Recently, Thailand has seen large increases in social media adoption, mobile penetration and the emergence of social business models. With more and more Thais moving from rural outskirts to urban centers, Thailand’s capital of Bangkok has become a hub for creative tech innovations.

As Thailand continues to develop as an emerging leader in Southeast Asia, social media will play a significant role in the development of the country’s key industries and markets.

The State of Social Media in Thailand

Due to it’s largely rural population (66%), Internet penetration in Thailand remains low at 26%. Interestingly though, scarce internet access is counterbalanced by an impressive 125% mobile penetration rate, with half of mobile users using social media apps.

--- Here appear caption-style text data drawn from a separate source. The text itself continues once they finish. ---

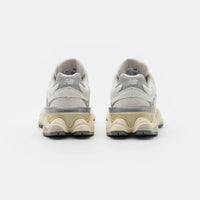 New Balance 9060 - Unisex - Sea Salt White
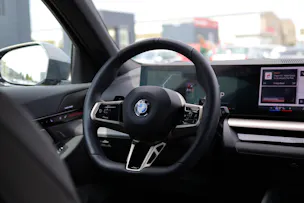 BMW 540d xDrive Touring M Sport Pro * ICONIC GLOW * BELÜFTETE SITZE * AHK * BMW INDIVIDUAL FELGEN *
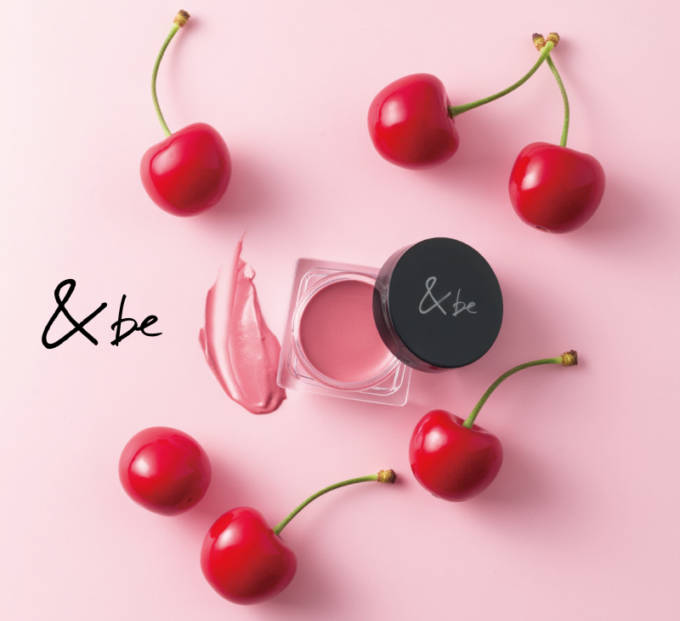 ＆be、ヘルシーな血色感を演出するクリームチークに春限定色チェリーピンクが登場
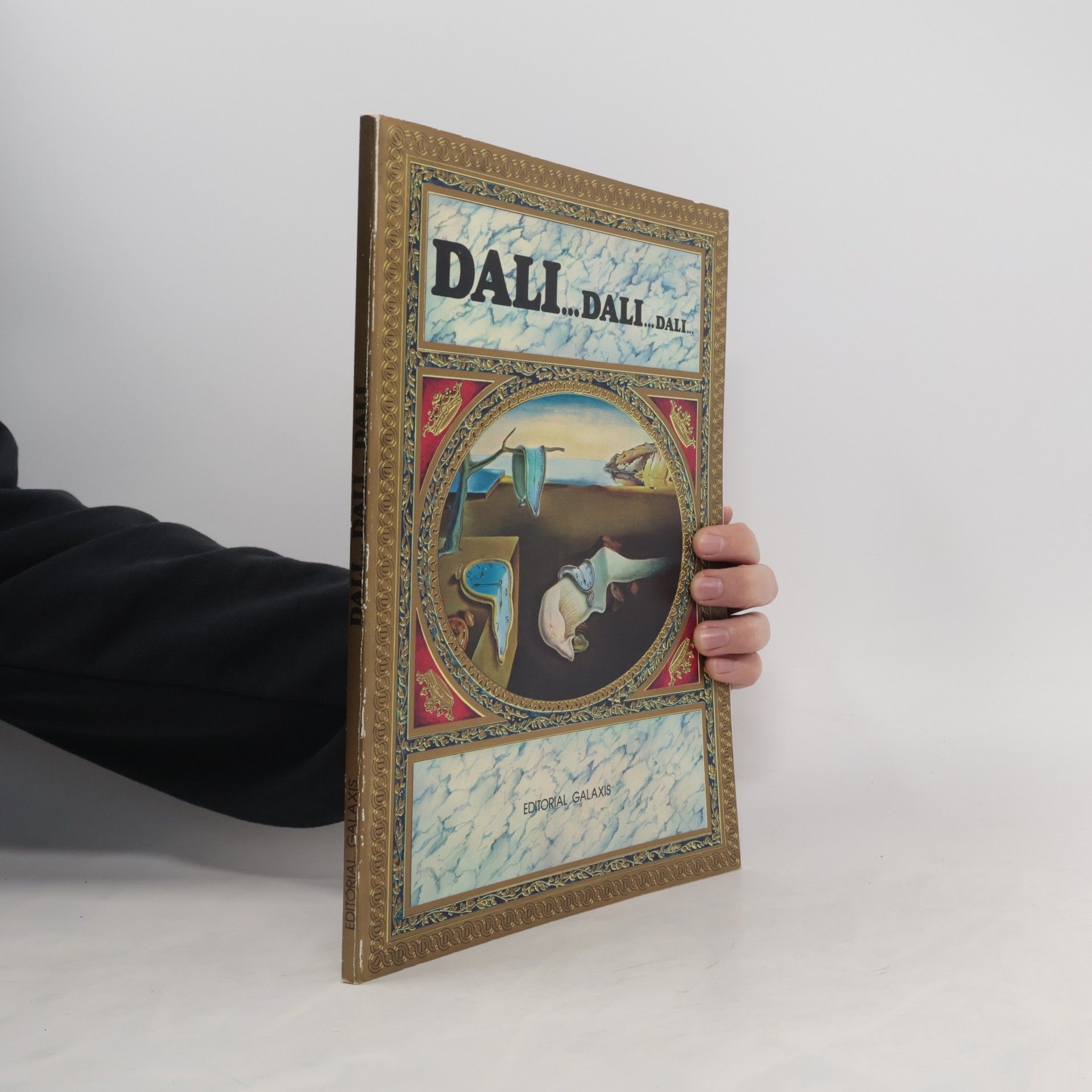 Dali... Dali... Dali...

Although Thais mainly use desktops or laptops for internet access, as internet penetration continues to climb, targeting mobile users will be key to tapping the Thai market.

Unsurprisingly, Facebook is the biggest social network in Thailand, with 26% of the population using it. However, in keeping with social media trends, there is a strong adoption level for location based services. 36% of social media apps downloaded by Thai mobile users fall into this category, explaining the recent surge in Instagram popularity in Thailand. If this trend continues in 2014, as many are predicting, apps like Instagram can be expected to potentially surpass Facebook popularity in the region.

Popular Social Networks

thailand social
Statistics and infographic provided by We Are Social.

Thailand closely follows the social media platform trends seen globally, with Facebook, Google+ and Instagram among the most popular social networks. Other regional messaging networks, like WeChat and Line, continue to have a strong presence in the region as well. When looking at Southeast Asia as a whole, residents of the Philippines and Thailand spend the most time on social media each day, with an average of 4 ours for users in both countries..

Facebook

In 2013, Facebook users in Thailand reached 24 million, with over 7.1 million Likes shared each month and over 5.5 billion messages sent. Bangkok remains one of the top cities in the world in terms of number of Facebook users.

When it comes to social marketing to the Thai market, Facebook is key, as over 25 million local fans are engaging with the top 20 brands on Facebook. Comparatively, only 1.5 million fans are engaging with the same brands on Twitter.

Instagram

In both 2012 and 2013, Bangkok was home to two of the most Instagrammed locations in the world and remains the 2nd most popular city on Instagram. Thailand has become a destination for Instagram photographers, in part as a result of an increase in smartphones in Thailand’s urban centers, but also as a result of urban culture. In Thailand’s Siam Paragon mall, store fronts set up photogenic window displays for Instagrammers.

Thailand’s most popular Instagram account belongs to actress ‘Aum’ Patchrapa Chaichua, with over 1.8 million followers and, interestingly, only 558 000 followers on Facebook.

When analyzing the trends, it seems brands are having success when marketing on Facebook, while struggling to find the same hold on other social platforms such as Instagram and Twitter despite their popularity with Thai social media users.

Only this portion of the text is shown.